## Overview

The Factorization Machine (FM) algorithm can be used for regression and binary classification prediction. It is a nonlinear model that takes into account the interaction between features. Currently, the FM algorithm is one of the proven effective recommendation solutions and is widely used in the recommendation scenarios of e-commerce, advertising, and live streaming.

The FM algorithm used by Machine Learning Platform for AI (PAI) is developed based on big data within Alibaba. It features excellent performance and outstanding results. For the FM algorithm usage, see the corresponding template on the homepage.

The FM algorithm involves the FM training and prediction components, which can be used with the evaluation component.

## Required input data

Currently, the FM algorithm only supports data in the libsvm format. The data is divided into two columns: feature column and target column.

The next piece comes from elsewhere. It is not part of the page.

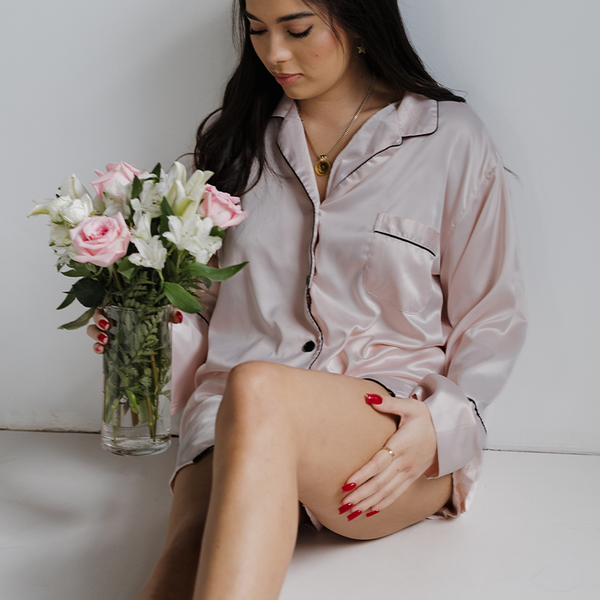 Blush Long Sleeve Top and Shorts Set with Black trim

- Target column: double type
- Feature column: string type. Features must be entered in the k:v format and separated with commas (,).

See the following figure.

## Components

### 1. FM training

In **Parameters Setting**, you can set **Regression** or **Binary Classification**.

#### PAI commands

Parameter | Description | Value |
---|---|---|

tensorColName | The name of the feature column for training, expressed by a string in the k:v format, such as 1:1.0,3:1.0. The feature ID must be a non-negative integer. The value range is [0, Long.MAX_VALUE). Nonconsecutive values are allowed. | Required |

labelColName | The name of the label column. The value must be a number. If the task type is binary_classification, the value is either 0 or 1. | Required |

task | The task type. | Required. Valid values: regression and binary_classification |

numEpochs | The number of iterations. | Optional. Default value: 10 |

dim | The number of factors, expressed by a string that consists of three integers separated with commas (,) to indicate the length of constant term, linear term, and quadratic term. | Optional. Default value: 1,1,10 |

learnRate | The learning rate. | Optional. Default value: 0.01 |

lambda | The regularization coefficient, expressed by a string that consists of three floating-point numbers separated with commas (,) to indicate the regularization coefficients of constant term, linear term, and quadratic term. | Optional. Default value: 0.01,0.01,0.01 |

initStdev | The standard deviation of parameter initialization. | Optional. Default value: 0.05 |

Note:

- Reduce the learning rate in the case of training divergence.

### 2. FM prediction

#### PAI commands

Parameter | Description | Value |
---|---|---|

predResultColName | The name of the prediction result column. | Optional. Default value: prediction_result |

predScoreColName | The name of the prediction score column. | Optional. Default value: prediction_score |

predDetailColName | The name of the prediction detail column. | Optional. Default value: prediction_detail |

keepColNames | The columns saved to the output result table. | Optional. Default value: all columns |

## Result evaluation

Using the data of the corresponding template on the homepage, the FM algorithm of PAI can create a model with an AUC close to 0.97.